Écrire comme on collecte et on récolte les bruits que sème la ville. Milène Tournier est une poétesse qui capte la ville en la marchant. Que lui murmure-t-elle donc qu’on ne prendrait pas le temps d’entendre ? Comment fait-elle pour capter le souffle d’une ville au milieu des tumultes ambiants, pour discerner les voix qui se confondent et s’échappent au moment où on commence à peine à les identifier ? Ce que m’a soufflé la ville paraît chez Le Castor Astral et libère ces échos dans ce nouveau recueil.
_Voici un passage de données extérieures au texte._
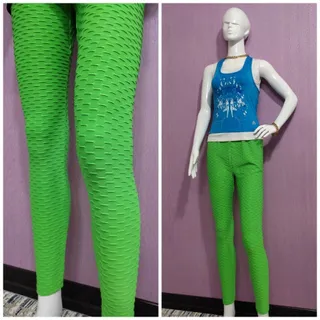 لگ‌ سبز باشگاهی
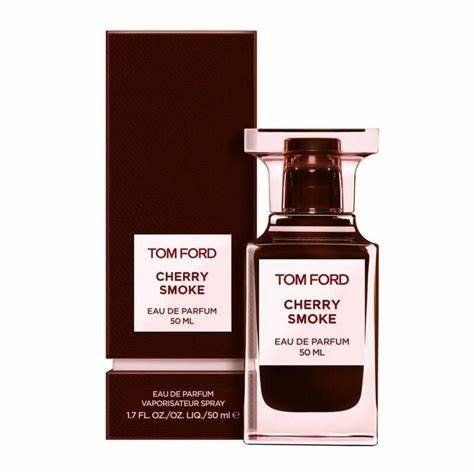 Tom Ford lost cherry store 1.7oz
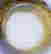 item-107901040=4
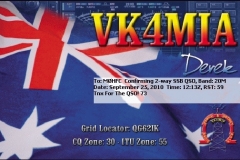 VK4MIA_20100925_1213_20M_SSB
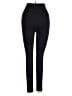 Stronger Black Active Pants Size XS - photo 2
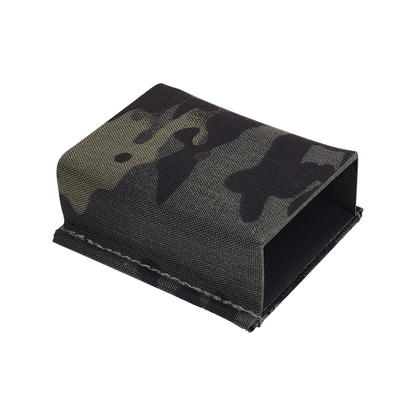 Cantable Mag Pouch 5.56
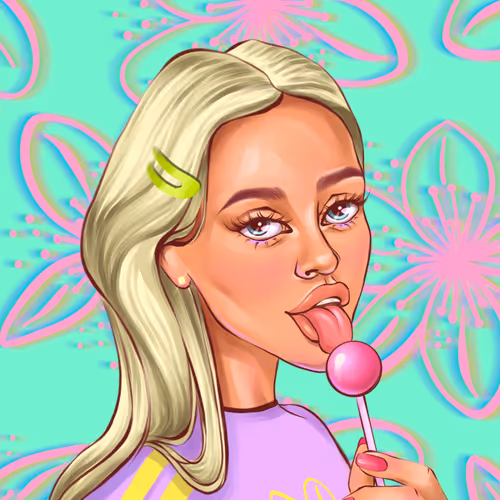 Yana_Kleva Collection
Beaucoup ont cherché à quitter les villes après avoir été contraints d’y demeurer entre quatre murs pendant plusieurs semaines, avec la crainte d’y devoir rester encore. Certains diraient sans doute que les livres ont permis et permettent toujours de s’évader et que le confort d’un espace densifié est incomparable au morne calme de tout ce qui s’éloigne de la capitale. Beaucoup de textes s’écrivent d’ailleurs à partir des villes ; elles en sont un point de départ non négligeable, parfois même un décorum qui tient une place toute aussi importante qu’un personnage, qu’il soit issu d’une certaine tradition romanesque jusque dans la poésie contemporaine. Pour autant, ici, la ville n’est pas une espèce de cadre spatial figé qui permettrait de reconnaître des lieux communs ; elle se joue du cadre dans lequel elle s’inscrit pourtant précisément pour voir plus large. Par là-même, l’écriture s’éloigne donc de la promenade touristique pour devenir une sorte de marche diachronique entre surgissements du présent et remémoration de souvenirs qui reviennent et cohabitent, temps d’une déambulation-divagation.Cette bibliothèque entre quelques cimetières
J’aimerais écrire un livre qui soit comme la collection entière de Photo Poche. Un livre avec le risque du temps mais pas le risque de la mort, parce que j’aurais déjà renoncé à quelque chose d’immense pendant la vie, depuis la vie, et même si ce quelque chose auquel j’ai renoncé me fait me demander si j’ai le droit de rester sur terre. Mais alors si je reste, rester. On est humains idiots, qui prenons des décisions, qui nous prenons des décisions, et nous y tenons, avec sérieux et gravité, mais parce que cette gravité est celle qui nous permet : le matin.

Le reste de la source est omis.